*Task prompt:*
Pick out each line of the records in which the word "Avenue" appears.

*Records to use:*
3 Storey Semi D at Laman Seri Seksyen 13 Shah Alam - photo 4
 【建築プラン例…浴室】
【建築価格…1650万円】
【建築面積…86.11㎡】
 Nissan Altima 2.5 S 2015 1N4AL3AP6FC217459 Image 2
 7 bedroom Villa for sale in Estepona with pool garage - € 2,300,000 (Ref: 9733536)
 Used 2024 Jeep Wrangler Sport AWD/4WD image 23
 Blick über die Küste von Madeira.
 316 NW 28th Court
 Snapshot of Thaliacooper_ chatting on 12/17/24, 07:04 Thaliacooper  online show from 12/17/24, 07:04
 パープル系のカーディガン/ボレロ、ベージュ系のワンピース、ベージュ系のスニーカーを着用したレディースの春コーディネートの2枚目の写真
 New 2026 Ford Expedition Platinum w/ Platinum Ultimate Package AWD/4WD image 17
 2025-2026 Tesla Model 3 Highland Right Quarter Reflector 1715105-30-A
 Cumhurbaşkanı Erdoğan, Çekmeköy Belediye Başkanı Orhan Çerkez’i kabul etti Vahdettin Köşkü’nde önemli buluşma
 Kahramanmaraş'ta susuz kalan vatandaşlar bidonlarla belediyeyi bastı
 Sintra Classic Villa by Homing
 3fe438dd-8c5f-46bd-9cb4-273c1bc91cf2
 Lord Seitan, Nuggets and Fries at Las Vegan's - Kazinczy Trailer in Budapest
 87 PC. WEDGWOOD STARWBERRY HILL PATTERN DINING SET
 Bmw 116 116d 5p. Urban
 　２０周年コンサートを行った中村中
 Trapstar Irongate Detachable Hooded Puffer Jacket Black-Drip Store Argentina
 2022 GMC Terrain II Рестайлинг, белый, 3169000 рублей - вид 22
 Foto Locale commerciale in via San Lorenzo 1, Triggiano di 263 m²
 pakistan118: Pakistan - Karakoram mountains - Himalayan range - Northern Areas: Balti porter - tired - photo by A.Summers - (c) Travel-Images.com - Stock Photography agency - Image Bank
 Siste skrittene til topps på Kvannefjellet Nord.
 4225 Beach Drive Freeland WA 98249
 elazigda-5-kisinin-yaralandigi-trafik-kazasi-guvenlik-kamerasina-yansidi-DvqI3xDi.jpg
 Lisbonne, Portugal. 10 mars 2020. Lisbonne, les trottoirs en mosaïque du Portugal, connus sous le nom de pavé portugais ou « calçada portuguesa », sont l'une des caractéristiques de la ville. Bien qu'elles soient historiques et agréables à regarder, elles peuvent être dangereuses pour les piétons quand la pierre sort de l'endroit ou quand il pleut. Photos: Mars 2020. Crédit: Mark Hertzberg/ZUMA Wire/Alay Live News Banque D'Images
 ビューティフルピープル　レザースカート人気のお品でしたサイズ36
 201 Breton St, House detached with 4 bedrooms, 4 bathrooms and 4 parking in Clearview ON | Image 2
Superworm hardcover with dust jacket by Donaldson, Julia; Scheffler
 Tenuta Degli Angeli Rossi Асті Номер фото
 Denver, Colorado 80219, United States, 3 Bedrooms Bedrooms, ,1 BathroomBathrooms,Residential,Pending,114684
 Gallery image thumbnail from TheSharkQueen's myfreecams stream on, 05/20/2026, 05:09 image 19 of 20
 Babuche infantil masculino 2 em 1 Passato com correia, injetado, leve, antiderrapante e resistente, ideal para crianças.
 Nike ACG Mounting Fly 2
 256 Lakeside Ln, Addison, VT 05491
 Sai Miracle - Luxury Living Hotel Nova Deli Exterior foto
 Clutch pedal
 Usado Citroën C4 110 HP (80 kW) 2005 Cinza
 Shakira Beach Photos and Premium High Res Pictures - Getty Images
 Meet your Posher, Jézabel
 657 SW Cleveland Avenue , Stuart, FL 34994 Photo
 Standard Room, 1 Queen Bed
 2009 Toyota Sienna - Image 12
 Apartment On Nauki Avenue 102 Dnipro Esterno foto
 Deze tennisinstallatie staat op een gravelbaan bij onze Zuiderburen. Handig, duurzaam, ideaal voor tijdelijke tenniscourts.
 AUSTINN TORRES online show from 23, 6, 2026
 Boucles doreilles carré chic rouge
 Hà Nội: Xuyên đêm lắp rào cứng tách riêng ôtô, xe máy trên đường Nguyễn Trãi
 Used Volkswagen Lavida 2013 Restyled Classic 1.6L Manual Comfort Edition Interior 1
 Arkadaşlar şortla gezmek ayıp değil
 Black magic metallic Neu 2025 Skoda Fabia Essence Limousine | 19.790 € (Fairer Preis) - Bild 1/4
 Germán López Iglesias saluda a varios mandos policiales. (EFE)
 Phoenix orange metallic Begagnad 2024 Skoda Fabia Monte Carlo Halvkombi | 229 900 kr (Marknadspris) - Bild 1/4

*Solution for this task:*
 657 SW Cleveland Avenue , Stuart, FL 34994 Photo
 Apartment On Nauki Avenue 102 Dnipro Esterno foto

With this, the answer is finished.